One criticism I've seen is that he doesn't take into account the split values of the Baby Boom generation, between liberal and conservative members, as this is a key factor in the political duopoly we are all crippled by. I think he too strongly felt it was a given, or implicit in the message. As many of us who have been frustrated by our choices between Democrats and Republican candidates in many or most elections. The trouble being the issues on which the candidates openly agree or functionally have agreed in the form of supposed compromises that continually slant in one direction or inaction on the part of one to allow the other to win.
This is a major driver of current voter dissatisfaction and apathy, but goes largely unaddressed by either party. Once you are looking at it from that lens, however, it is interesting to note how exceedingly many of those issues are indeed ones that benefit Boomers alone, generally at the expense of other generations.

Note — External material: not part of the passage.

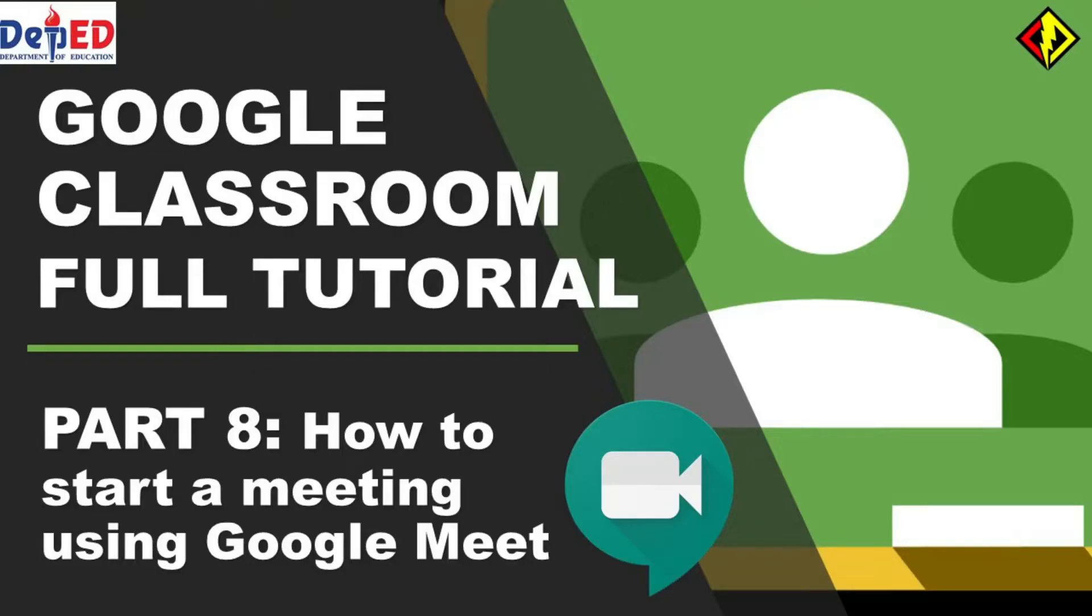We are now on part 8. If you want to check previous parts, just click the caption above. I made a series of videos to show you how you can use Google Classroom.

This is a factor in which that is effectively all they can succeed at on a regular basis, because either side will against the other on the others actions, keeping them from reaching at least some level of success.
He does, however, note a number of major policies that were brought through by Bill Clinton and George W. Bush that seem to cross party lines that but share a common effect of benefiting Boomers at the expense of other generations, so it is a factor he is able to cover, if not as head-on as he perhaps should have in order to provide a direct cover for that criticism.
What he does, however, is produce a convincing, well-reasoned and extensively backed argument that the effect of the Baby Boomers is the effect of being controlled, in most significant ways, by a sociopath.
Some have pointed out the many notable failings of preceding generations as a flaw in this logic. There are many valid criticisms to be made of preceding generations, but when you examine it, as Gibney does do, you can see how much faster progress on social issues under the guidance of the preceding generations than they have under Boomers. Frankly, between the early '70s, when Boomer power began its ascendancy and the '00s when Gen X finally began to get some toehold, it's nearly impossible to find any example of significant social progress. I think this one is a complete non-starter that depends entirely on our preconceptions of Boomers as a source for good, which we've learned almost entirely from Boomers telling the story.
In the end, while I think there are other factors at play in this, and I don't agree with all of Gibney's conclusions, I think it's helpful to view this perspective when considering how we've gotten to where we are and how we might possibly escape.